Cada día vemos como crece el odio expresado en las redes sociales ante personas o instituciones por opiniones o supuestos hechos que generan hasta amenazas.
Pareciera que la intolerancia tiene espadachines que en nombre de «su verdad» someten al otro a linchamiento digital o a muerte moral olvidando que errar es de humanos y nadie está exento de cometer una “equivocación” alguna vez en su existencia.
Es como si los usuarios de las redes fueran ahora los Torquemadas que combaten las herejías de hoy convertidas en expresiones que reflejan concepciones divergentes de la vida, la política y del entorno.
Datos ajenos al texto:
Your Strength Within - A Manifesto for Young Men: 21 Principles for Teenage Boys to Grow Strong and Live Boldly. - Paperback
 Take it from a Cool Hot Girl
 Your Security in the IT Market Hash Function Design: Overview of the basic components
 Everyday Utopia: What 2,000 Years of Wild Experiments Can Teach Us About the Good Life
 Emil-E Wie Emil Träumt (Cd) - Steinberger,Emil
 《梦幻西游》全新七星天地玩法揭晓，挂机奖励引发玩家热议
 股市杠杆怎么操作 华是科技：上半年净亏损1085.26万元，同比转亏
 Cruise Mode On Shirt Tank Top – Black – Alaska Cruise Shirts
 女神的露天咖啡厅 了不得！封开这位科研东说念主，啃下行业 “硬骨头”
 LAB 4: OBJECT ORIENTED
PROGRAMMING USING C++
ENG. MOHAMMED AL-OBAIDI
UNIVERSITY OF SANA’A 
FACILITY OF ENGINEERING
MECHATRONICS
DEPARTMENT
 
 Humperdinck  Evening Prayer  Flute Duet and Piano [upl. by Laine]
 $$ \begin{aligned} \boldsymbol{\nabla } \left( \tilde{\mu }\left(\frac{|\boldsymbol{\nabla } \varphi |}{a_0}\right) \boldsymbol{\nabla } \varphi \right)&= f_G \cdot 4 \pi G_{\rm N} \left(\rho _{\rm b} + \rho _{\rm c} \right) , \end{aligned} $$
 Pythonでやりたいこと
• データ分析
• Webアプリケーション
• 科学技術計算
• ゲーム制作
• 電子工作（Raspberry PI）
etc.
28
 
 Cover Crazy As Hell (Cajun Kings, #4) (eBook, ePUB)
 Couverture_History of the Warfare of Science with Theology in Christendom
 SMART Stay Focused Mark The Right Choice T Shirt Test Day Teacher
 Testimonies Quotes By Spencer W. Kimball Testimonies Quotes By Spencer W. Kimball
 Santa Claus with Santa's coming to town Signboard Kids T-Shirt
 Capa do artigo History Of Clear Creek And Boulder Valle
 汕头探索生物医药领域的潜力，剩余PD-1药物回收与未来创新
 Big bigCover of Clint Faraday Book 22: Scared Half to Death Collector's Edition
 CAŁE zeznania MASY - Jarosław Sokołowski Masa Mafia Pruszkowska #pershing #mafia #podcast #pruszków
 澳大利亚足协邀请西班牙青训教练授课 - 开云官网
Se está haciendo difícil tolerar los puntos de vista ajenos si son diferentes y mucho menos los desaciertos. Siempre aparecen los verdugos que quieren crucificar al otro por lo que sea, hasta por nimiedades que no debieran tener tanta trascendencia cuando hay problemas mayores a los que prestarle atención.
Cualquier error humano se convierte en tendencia, en blanco de críticas despiadadas y en causa política para desmeritar y rebajar al adversario.
Los haters de las redes sociales y sus usuarios están desnaturalizando estos medios volviéndolos espacios tóxicos y destructivos. La indignación colectiva por cualquier quítame esta paja está revistiendo el ropaje del desprecio y la insensibilidad que cada vez ganan más terreno en el mundo virtual pero que se traduce en humillación, deshonor y deshonra en la vida real.
El narcisismo, la inseguridad, la defensa exagerada de parcelas ideológicas y políticas, y el afán de sobresalir en el ciberespacio normalizan el odiar y acosar y asocian las redes a un campo de batalla donde se mata moralmente al otro por sus ideas y se conciben las propias como verdades absolutas que hay que defender como una cruzada.
El diálogo, la sana confrontación de ideas, el respeto a la diferencia y la innegociable tolerancia son esenciales para la democracia y la convivencia pacífica. Cultivar esos valores es responsabilidad de todos nosotros, en todos los ámbitos.